INSTRUCTIONS TO FOLLOW:
In the records below, find the line containing "As the Rush Comes (No Mana remix)" and the line containing "Baguettes Freestyle (feat."; please repeat exactly the lines from one to the other, both included, and nothing more.

EXERCISE DATA:
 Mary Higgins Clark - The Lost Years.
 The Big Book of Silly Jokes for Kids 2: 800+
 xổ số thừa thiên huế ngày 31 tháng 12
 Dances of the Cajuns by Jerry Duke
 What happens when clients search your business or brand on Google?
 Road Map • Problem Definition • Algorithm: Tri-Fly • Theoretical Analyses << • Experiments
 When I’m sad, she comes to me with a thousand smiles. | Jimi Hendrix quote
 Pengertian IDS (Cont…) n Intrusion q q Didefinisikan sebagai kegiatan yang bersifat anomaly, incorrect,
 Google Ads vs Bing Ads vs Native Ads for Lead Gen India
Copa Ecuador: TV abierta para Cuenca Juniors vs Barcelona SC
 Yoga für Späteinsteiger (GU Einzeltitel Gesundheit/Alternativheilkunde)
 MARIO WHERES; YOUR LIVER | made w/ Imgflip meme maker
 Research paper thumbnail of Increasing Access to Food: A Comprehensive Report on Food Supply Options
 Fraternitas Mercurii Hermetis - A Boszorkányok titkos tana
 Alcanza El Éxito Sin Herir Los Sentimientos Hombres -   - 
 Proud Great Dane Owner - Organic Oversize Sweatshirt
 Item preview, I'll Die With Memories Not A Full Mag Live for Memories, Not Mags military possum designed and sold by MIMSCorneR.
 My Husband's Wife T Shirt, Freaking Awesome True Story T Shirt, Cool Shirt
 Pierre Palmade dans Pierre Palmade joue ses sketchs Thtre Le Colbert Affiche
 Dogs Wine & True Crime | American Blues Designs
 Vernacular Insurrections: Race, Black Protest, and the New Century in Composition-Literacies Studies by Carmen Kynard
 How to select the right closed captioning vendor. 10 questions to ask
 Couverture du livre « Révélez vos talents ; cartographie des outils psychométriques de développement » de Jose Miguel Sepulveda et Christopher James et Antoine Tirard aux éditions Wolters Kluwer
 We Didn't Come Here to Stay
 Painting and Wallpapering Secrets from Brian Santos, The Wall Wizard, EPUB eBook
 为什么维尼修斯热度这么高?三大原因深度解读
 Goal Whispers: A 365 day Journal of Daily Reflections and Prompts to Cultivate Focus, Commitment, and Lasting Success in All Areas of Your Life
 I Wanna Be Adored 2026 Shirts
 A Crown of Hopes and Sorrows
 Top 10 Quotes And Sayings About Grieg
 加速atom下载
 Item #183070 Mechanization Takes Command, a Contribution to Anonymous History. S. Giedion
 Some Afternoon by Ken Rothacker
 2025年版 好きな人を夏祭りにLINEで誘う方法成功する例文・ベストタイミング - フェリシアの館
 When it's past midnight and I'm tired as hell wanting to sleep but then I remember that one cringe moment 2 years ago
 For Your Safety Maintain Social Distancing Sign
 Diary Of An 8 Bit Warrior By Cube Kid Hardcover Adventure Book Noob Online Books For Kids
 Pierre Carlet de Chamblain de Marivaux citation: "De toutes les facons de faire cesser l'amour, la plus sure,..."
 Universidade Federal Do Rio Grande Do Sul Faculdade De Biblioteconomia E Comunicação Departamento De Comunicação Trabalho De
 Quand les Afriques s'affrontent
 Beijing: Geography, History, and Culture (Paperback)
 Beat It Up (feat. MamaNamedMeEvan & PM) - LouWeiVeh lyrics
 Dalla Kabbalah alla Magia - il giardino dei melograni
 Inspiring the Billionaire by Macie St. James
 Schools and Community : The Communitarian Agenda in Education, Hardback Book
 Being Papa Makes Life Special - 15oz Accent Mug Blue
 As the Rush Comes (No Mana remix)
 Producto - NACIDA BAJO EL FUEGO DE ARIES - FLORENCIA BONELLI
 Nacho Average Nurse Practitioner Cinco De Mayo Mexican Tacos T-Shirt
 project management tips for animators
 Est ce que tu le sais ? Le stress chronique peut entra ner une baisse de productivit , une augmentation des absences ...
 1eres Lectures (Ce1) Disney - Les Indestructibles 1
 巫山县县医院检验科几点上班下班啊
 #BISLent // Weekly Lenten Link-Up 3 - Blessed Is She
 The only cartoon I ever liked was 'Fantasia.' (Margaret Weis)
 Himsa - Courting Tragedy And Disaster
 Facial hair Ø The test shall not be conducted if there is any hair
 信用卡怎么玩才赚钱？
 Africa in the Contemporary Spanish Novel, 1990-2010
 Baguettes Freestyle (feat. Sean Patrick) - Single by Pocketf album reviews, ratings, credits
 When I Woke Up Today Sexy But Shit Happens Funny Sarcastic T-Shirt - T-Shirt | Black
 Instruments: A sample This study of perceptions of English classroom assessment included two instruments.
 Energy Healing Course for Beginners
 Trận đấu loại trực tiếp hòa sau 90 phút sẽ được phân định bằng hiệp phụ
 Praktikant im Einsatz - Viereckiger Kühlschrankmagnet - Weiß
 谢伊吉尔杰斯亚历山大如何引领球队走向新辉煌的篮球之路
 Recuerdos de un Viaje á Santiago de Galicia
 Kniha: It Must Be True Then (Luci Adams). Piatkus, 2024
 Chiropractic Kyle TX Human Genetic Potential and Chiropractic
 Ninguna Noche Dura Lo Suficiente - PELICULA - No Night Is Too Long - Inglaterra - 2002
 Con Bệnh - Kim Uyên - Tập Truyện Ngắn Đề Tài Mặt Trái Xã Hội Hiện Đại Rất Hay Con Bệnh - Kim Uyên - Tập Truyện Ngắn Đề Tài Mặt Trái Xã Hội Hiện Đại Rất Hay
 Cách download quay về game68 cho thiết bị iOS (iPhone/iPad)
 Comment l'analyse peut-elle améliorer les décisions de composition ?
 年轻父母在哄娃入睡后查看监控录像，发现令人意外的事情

RESPONSE TO THE EXERCISE:
 As the Rush Comes (No Mana remix)
 Producto - NACIDA BAJO EL FUEGO DE ARIES - FLORENCIA BONELLI
 Nacho Average Nurse Practitioner Cinco De Mayo Mexican Tacos T-Shirt
 project management tips for animators
 Est ce que tu le sais ? Le stress chronique peut entra ner une baisse de productivit , une augmentation des absences ...
 1eres Lectures (Ce1) Disney - Les Indestructibles 1
 巫山县县医院检验科几点上班下班啊
 #BISLent // Weekly Lenten Link-Up 3 - Blessed Is She
 The only cartoon I ever liked was 'Fantasia.' (Margaret Weis)
 Himsa - Courting Tragedy And Disaster
 Facial hair Ø The test shall not be conducted if there is any hair
 信用卡怎么玩才赚钱？
 Africa in the Contemporary Spanish Novel, 1990-2010
 Baguettes Freestyle (feat. Sean Patrick) - Single by Pocketf album reviews, ratings, credits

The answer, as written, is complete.